Task instructions:
Take the lines from the one containing "Eröffnungskonzert in der Orangerie." through the end of the material and write them out exactly, omitting pictures.

Input for this task:
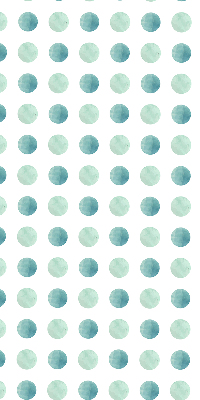 Rolgordijn voor het raam Turquoise stippen op een witte achtergrond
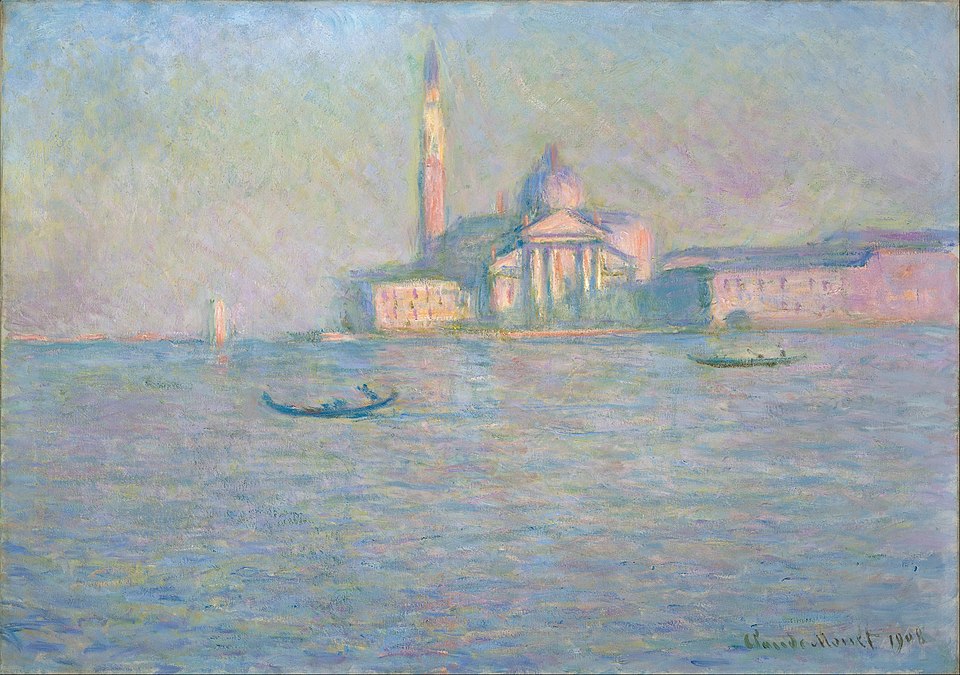 โบสถ์ซานจอร์โจ มัจโจเร ที่เวนิส - Claude Monet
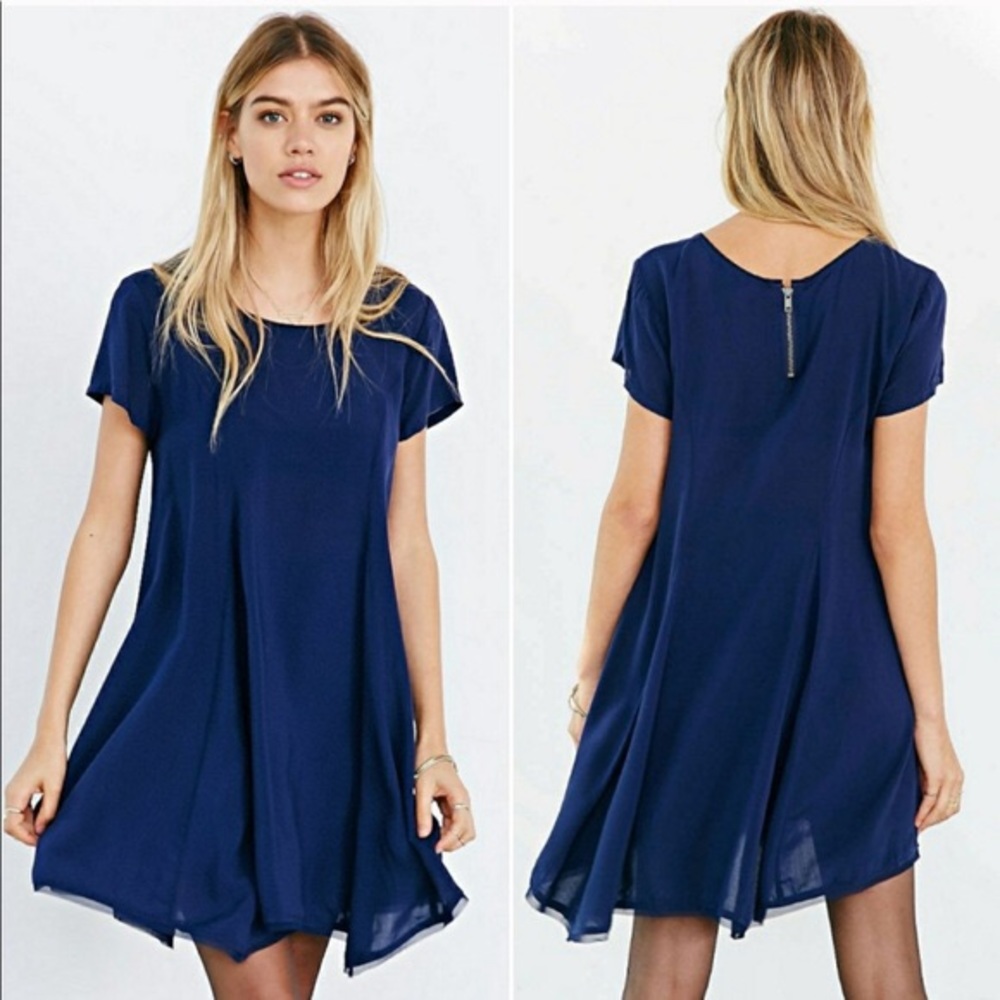 Urban Outfitters Flowy Navy Dress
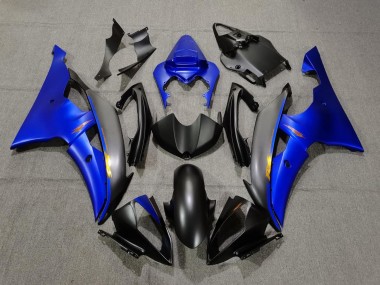 Discount 2008-2016 Blue Matte Black Yellow Decals Yamaha YZF R6 Motorcycle Fairings Canada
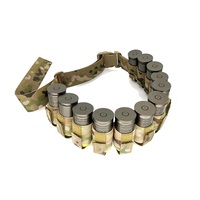 Pochettes tactiques en nylon pour ceinture - Ceinture porte-grenades robuste de 40 mm pour les passionnés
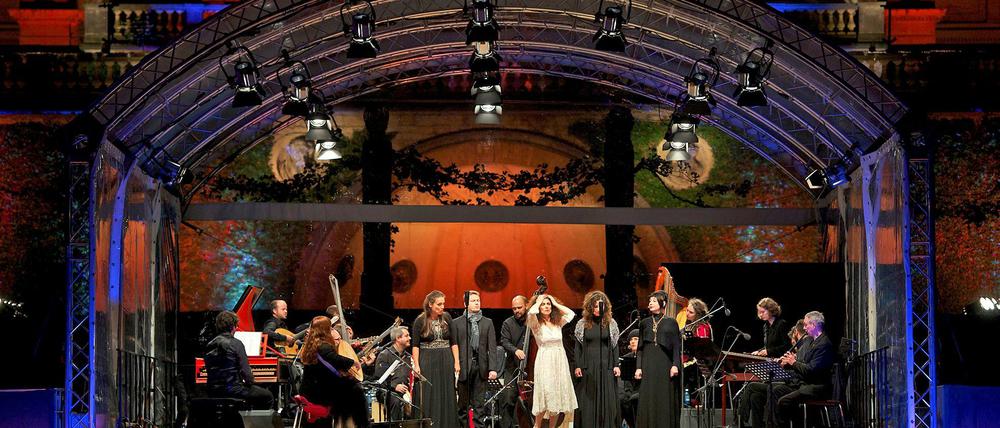 Eröffnungskonzert in der Orangerie.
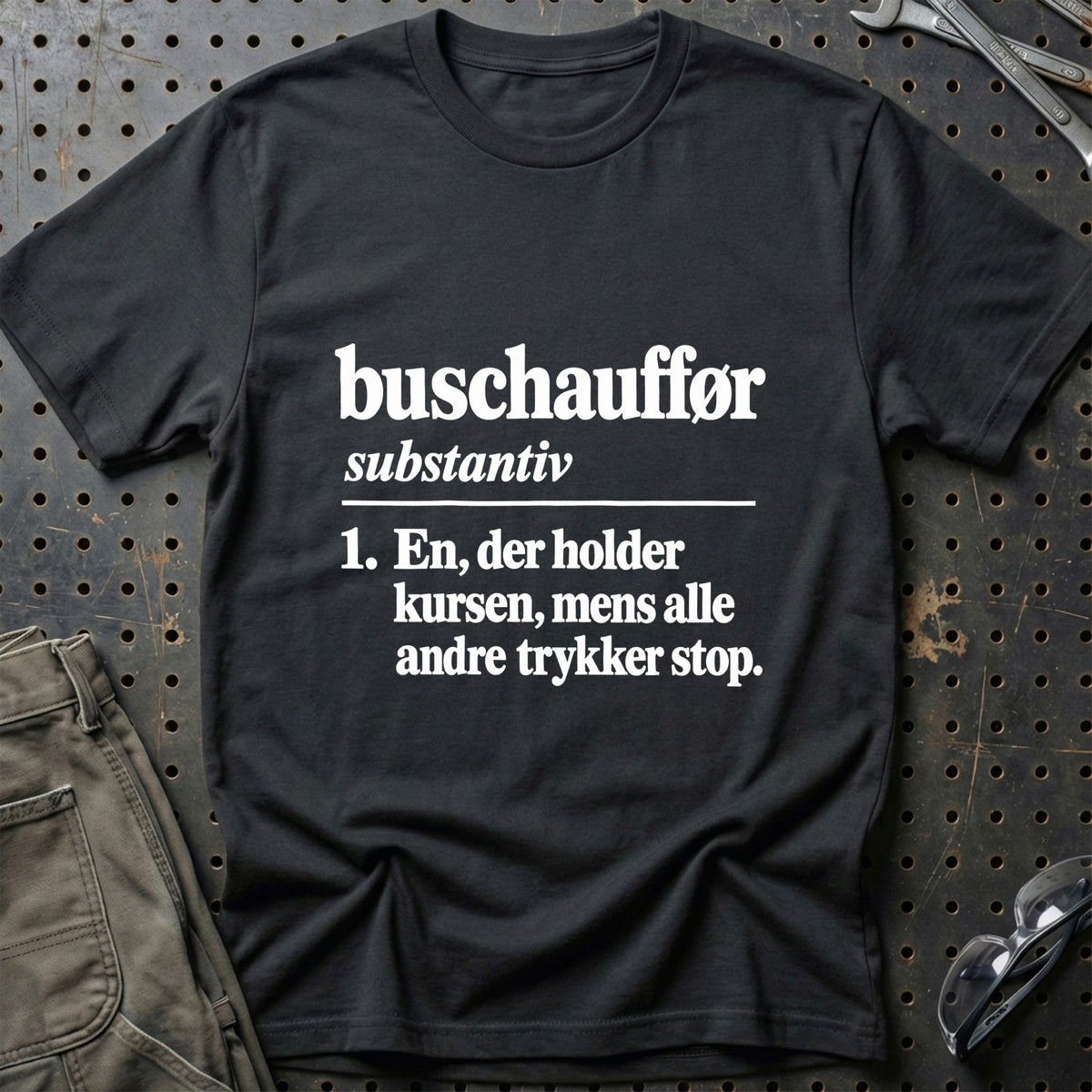 
Buschauffør – Definition T-Shirt – Sort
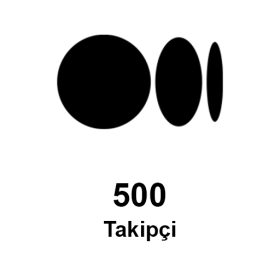 500 Takipçi
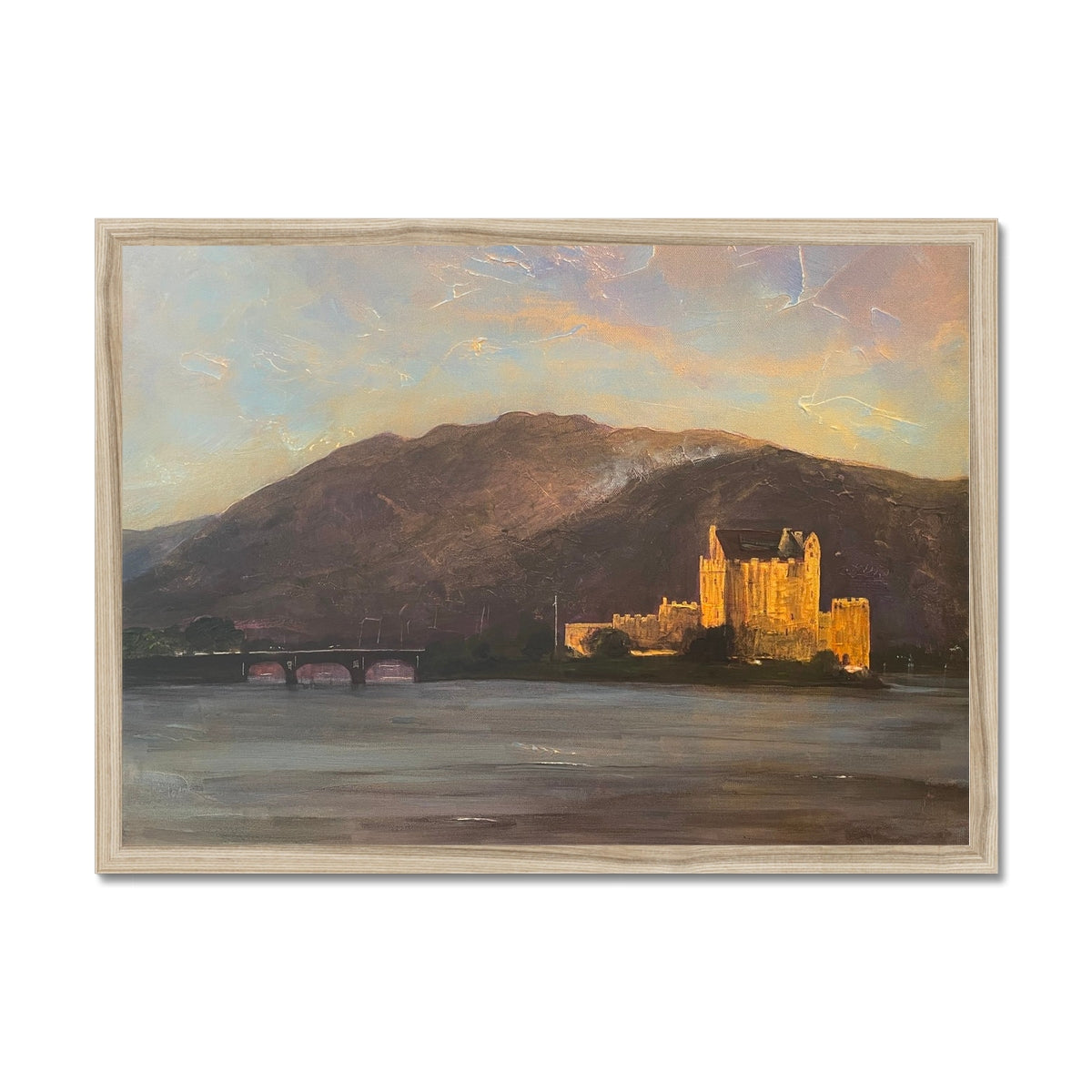 Scottish Paintings - ' Eilean Donan Castle ' Framed Print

Exercise result:
 Eröffnungskonzert in der Orangerie.
Buschauffør – Definition T-Shirt – Sort
 500 Takipçi
 Scottish Paintings - ' Eilean Donan Castle ' Framed Print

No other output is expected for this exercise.